Tom Brady’s 4-game suspension, handed down by NFL commissioner Roger Goodell, has been reinstated by an appeals court today. In a 2-to-1 decision, a panel of the United States Court of Appeals for the Second Circuit in Manhattan on Monday reinstated the suspension of Brady, the New England Patriots quarterback. Their ruling overturned a lower-court decision that had voided the N.F.L.’s suspension.
This basically ruled that the Brady punishment for the famous “Deflategate” scandal (a scheme to deflate footballs used in a playoff game), which was overturned by a court ruling last summer, is back in place. His team argued that Brady was unfairly punished for his limited involvement in the scheme, but Goodall issued the 4-game suspension due to his not being fully compliant with the N.F.L.’s investigation of the scandal.

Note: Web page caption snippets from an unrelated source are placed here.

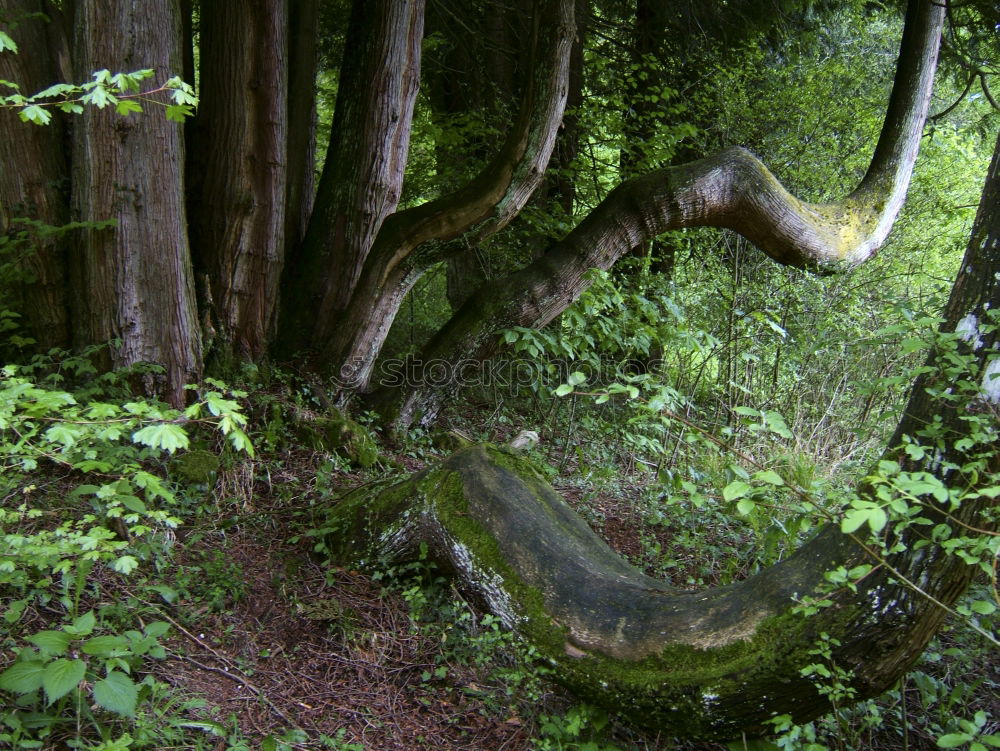 Similar – Image, Stock Photo tree fungus Nature Summer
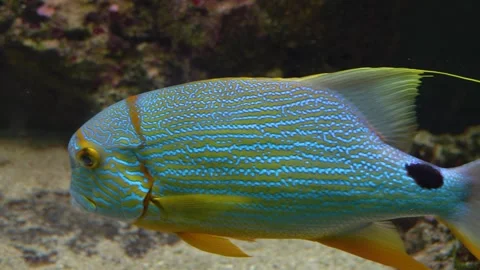 Close up of a large blue and yellow tropical fish Stock Footage 251759792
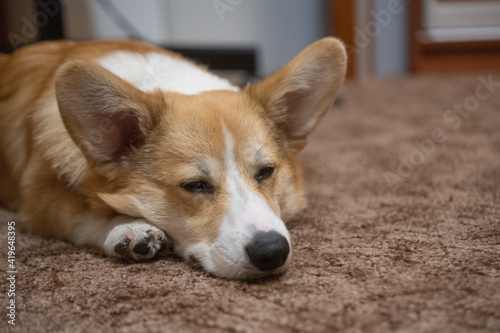 corgi puppy in the room on the carpet 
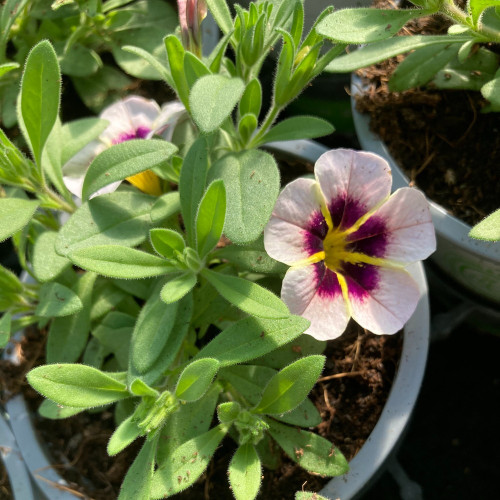 Calibrachoa Tik Tok Crystal Mauve Orangé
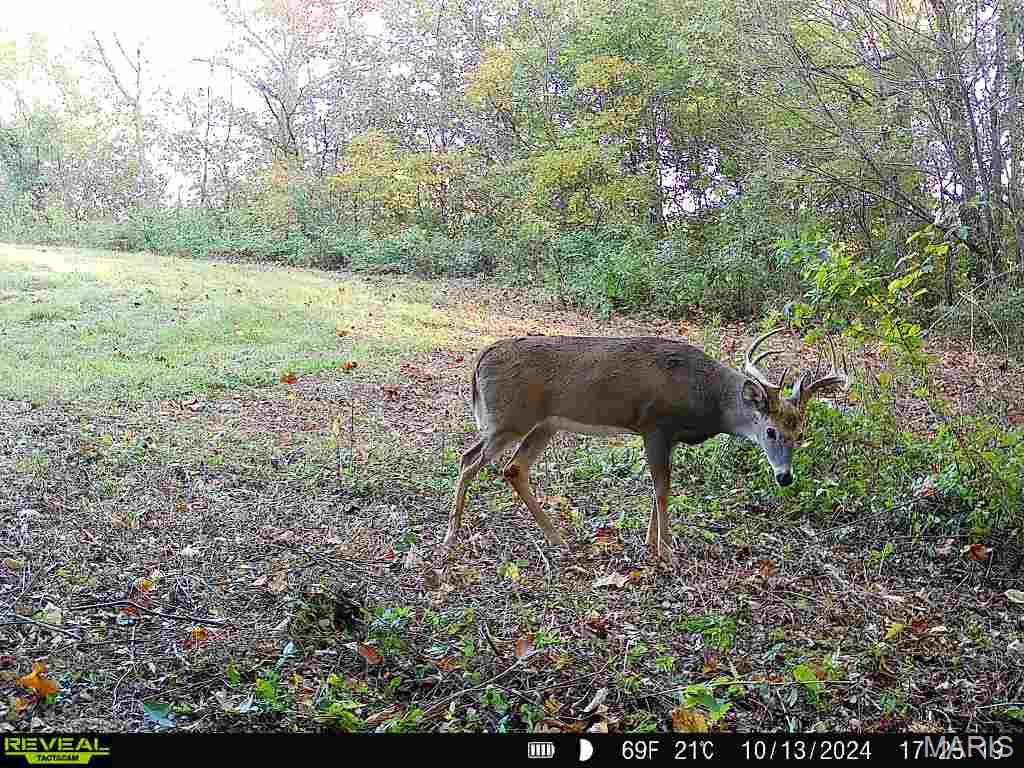 498 Panama Ave Property Photo 62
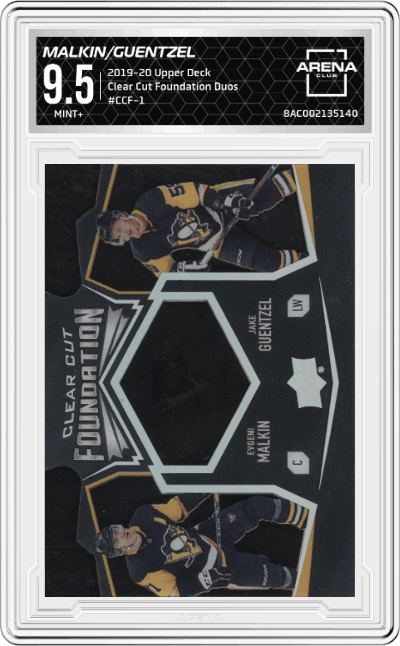 Evgeni Malkin/Jake Guentzel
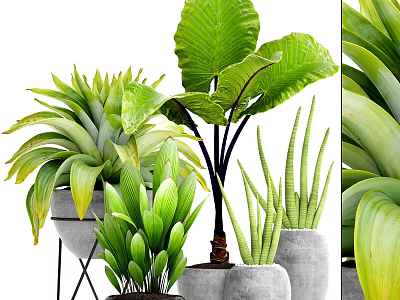 Varied Green Potted Plants With Large And Slender Leaves In Modern Gray Planters 3d model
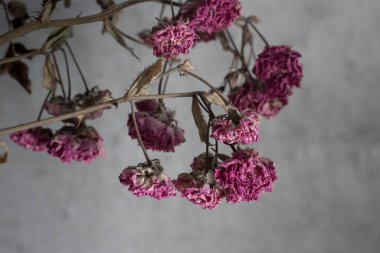 Ölü çiçekler. Solmuş güller. Dallarda kuru çiçekler var. Cenaze geçmişi. Kasvetli bir resim. Sonsuz hatıra. Hatırlıyor ve yas tutuyoruz. Gotik tema. Hassas küçük tomurcuklar.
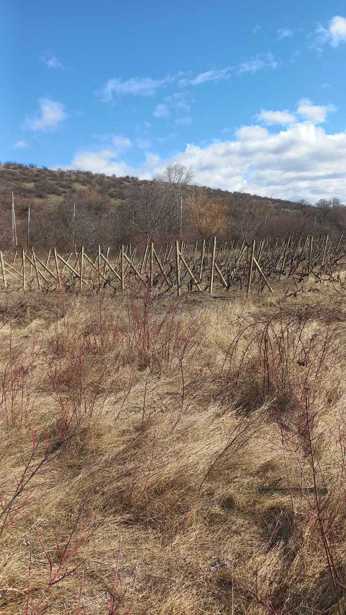 Land For Sale. Ksovrisi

The judges did not consider the much discussed underlying facts of the case, including the science of football deflation, but looked solely at whether Goodell, as arbitrator, acted in the spirit of the collective bargaining agreement.
“We hold that the commissioner properly exercised this broad discretion under the collective bargaining agreement and that his procedural rulings were properly grounded in that agreement and did not deprive Brady of fundamental fairness,” Judges Barrington Daniels Parker Jr. and Denny Chin wrote in their opinion. “Accordingly, we reverse the judgment of the district court and remain with instructions to confirm the award.”
Brady can now appeal the decision to the full Second Circuit or even to the Supreme Court, but legal experts feel that both options are long shots for a successful verdict.